Could you copy out all of the records below exactly, leaving out every picture?

- Extracted entries -
====

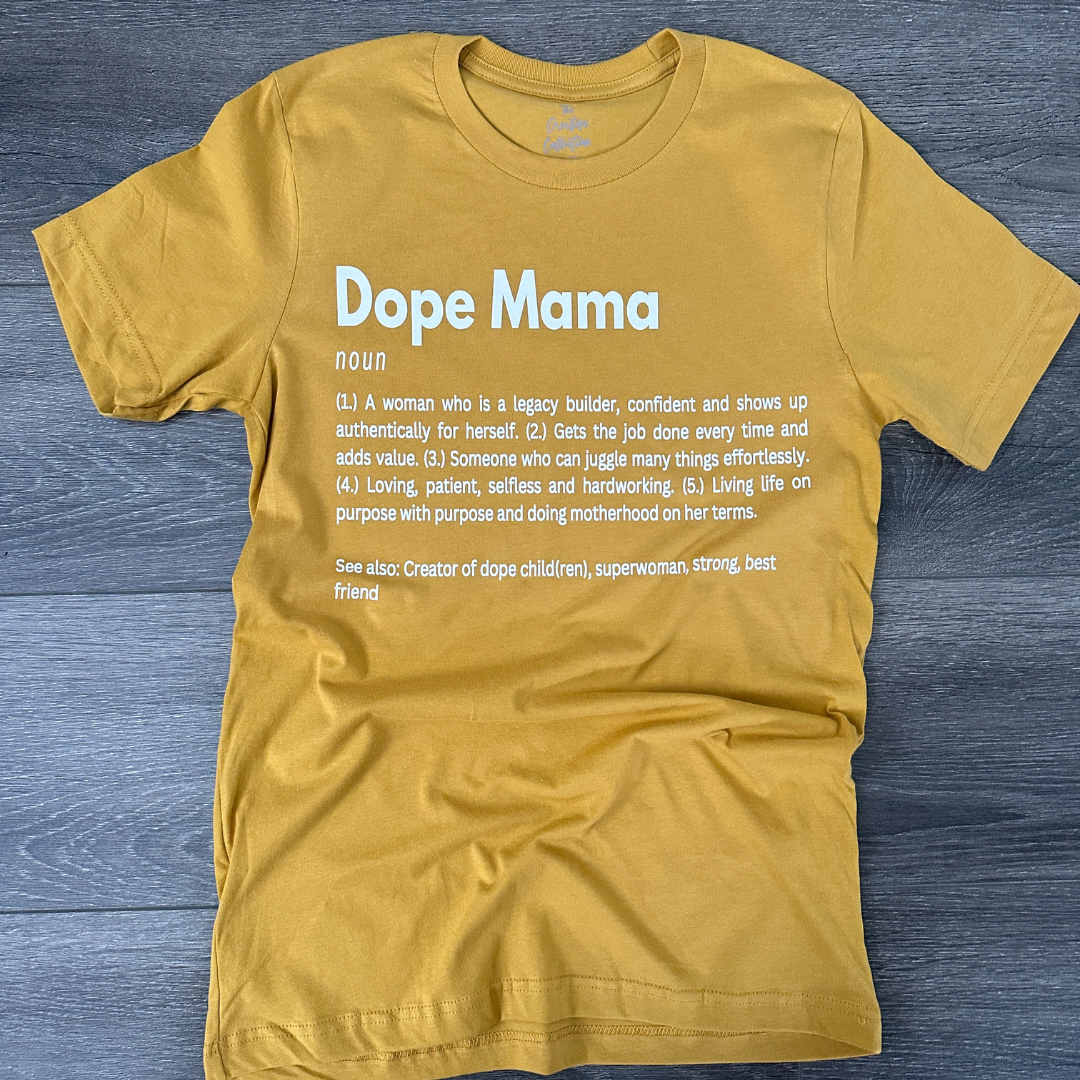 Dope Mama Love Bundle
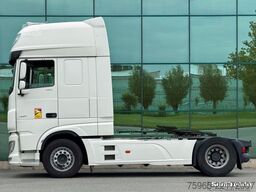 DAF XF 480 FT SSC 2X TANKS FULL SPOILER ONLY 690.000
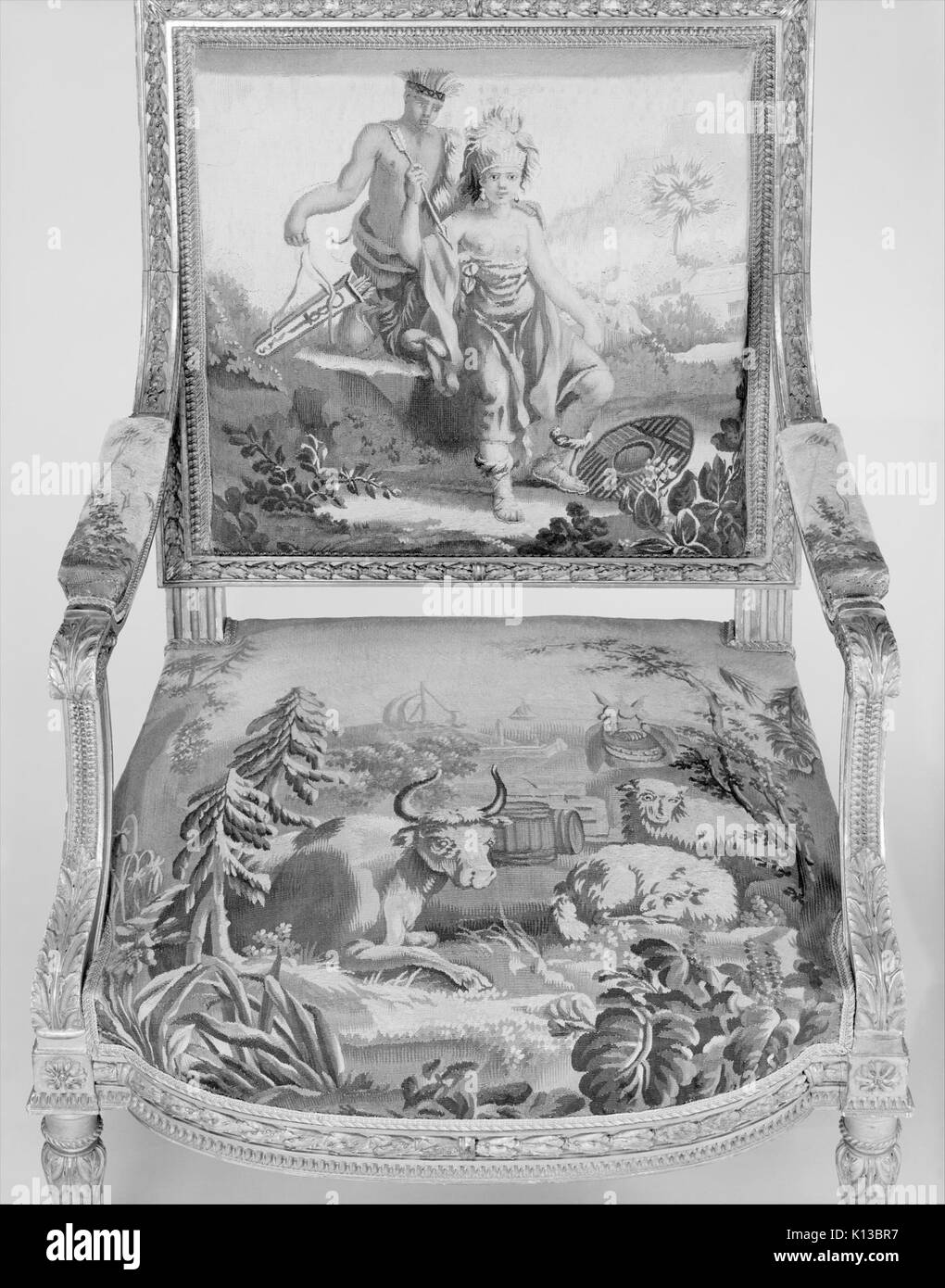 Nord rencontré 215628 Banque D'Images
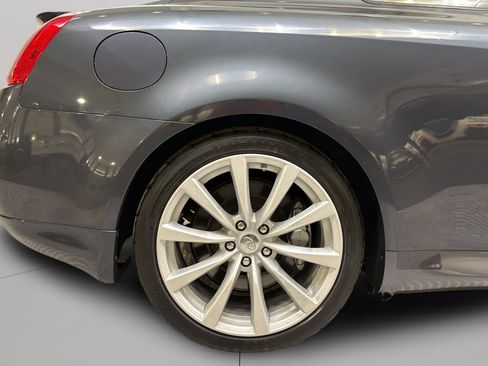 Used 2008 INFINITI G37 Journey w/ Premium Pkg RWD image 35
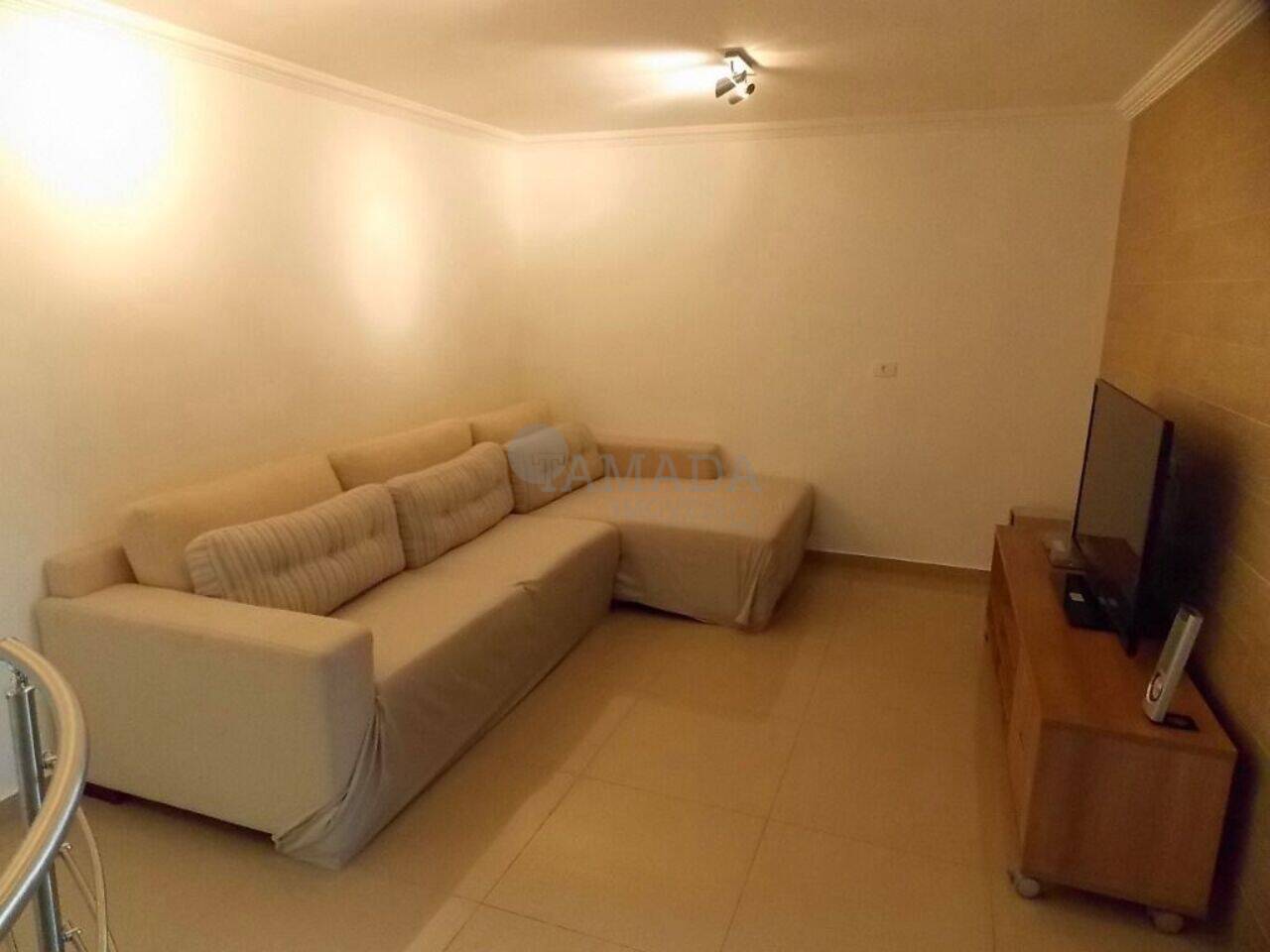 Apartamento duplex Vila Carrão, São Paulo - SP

====

- Final answer -
 Dope Mama Love Bundle
 DAF XF 480 FT SSC 2X TANKS FULL SPOILER ONLY 690.000
 Nord rencontré 215628 Banque D'Images
 Used 2008 INFINITI G37 Journey w/ Premium Pkg RWD image 35
 Apartamento duplex Vila Carrão, São Paulo - SP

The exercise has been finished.